Beijing, April 23 (Science and Technology Daily) — By Zhang Mengran
American researchers have harnessed artificial intelligence (AI) to design novel proteins that go beyond those found in nature. Their newly developed machine learning algorithm can generate proteins with specific structural features, which could be used to create materials with tailored mechanical properties—such as stiffness or elasticity—potentially replacing petroleum- or ceramic-based raw materials. The findings were published in the latest issue of the journal Chem.
Researchers from the Massachusetts Institute of Technology (MIT), the IBM Watson AI Lab, and Tufts University employed a generative model based on the same machine learning architecture used in AI systems like DALL·E 2. However, they adapted the model’s architecture to predict amino acid sequences capable of forming proteins with desired structural characteristics.

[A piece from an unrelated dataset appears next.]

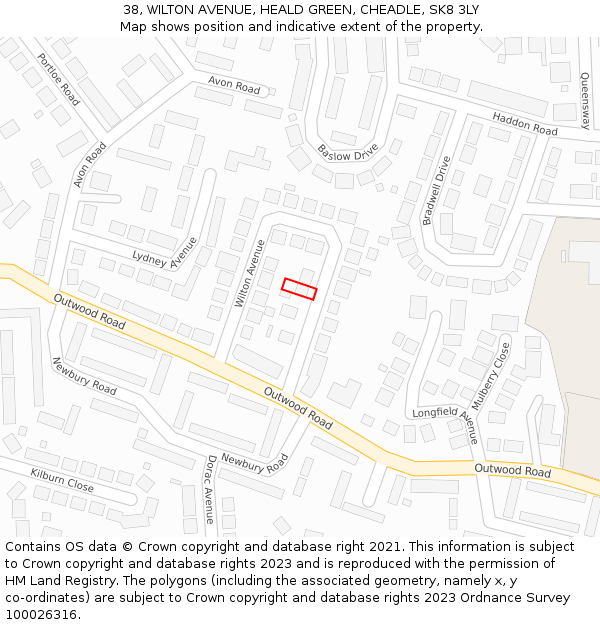 38, WILTON AVENUE, HEALD GREEN, CHEADLE, SK8 3LY: Location map and indicative extent of plot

The model learns the biochemical relationships that govern how proteins fold and assemble, enabling it to generate entirely new proteins not observed in nature—opening doors to unique applications. For instance, coatings designed by this tool could extend the shelf life of fresh produce while remaining safe for human consumption. Moreover, the model can generate millions of protein candidates within just a few days, rapidly expanding the landscape of possibilities for scientific exploration.
In this study, the team developed two machine learning models to predict new amino acid sequences that would fold into proteins meeting specific structural design goals. One model operates at the level of overall protein structural properties, while the other works at the individual amino acid level. Both models construct proteins by assembling these amino acid building blocks.
These models are integrated with protein-folding prediction algorithms, which the researchers used to determine the 3D structures of the generated proteins. They then computed the resulting physical properties and evaluated them against the original design specifications. Testing revealed partial overlap—typically around 50% to 60%—with existing natural amino acid sequences, though some sequences were entirely novel. This degree of similarity suggests that many of the AI-generated proteins are likely synthesizable in practice.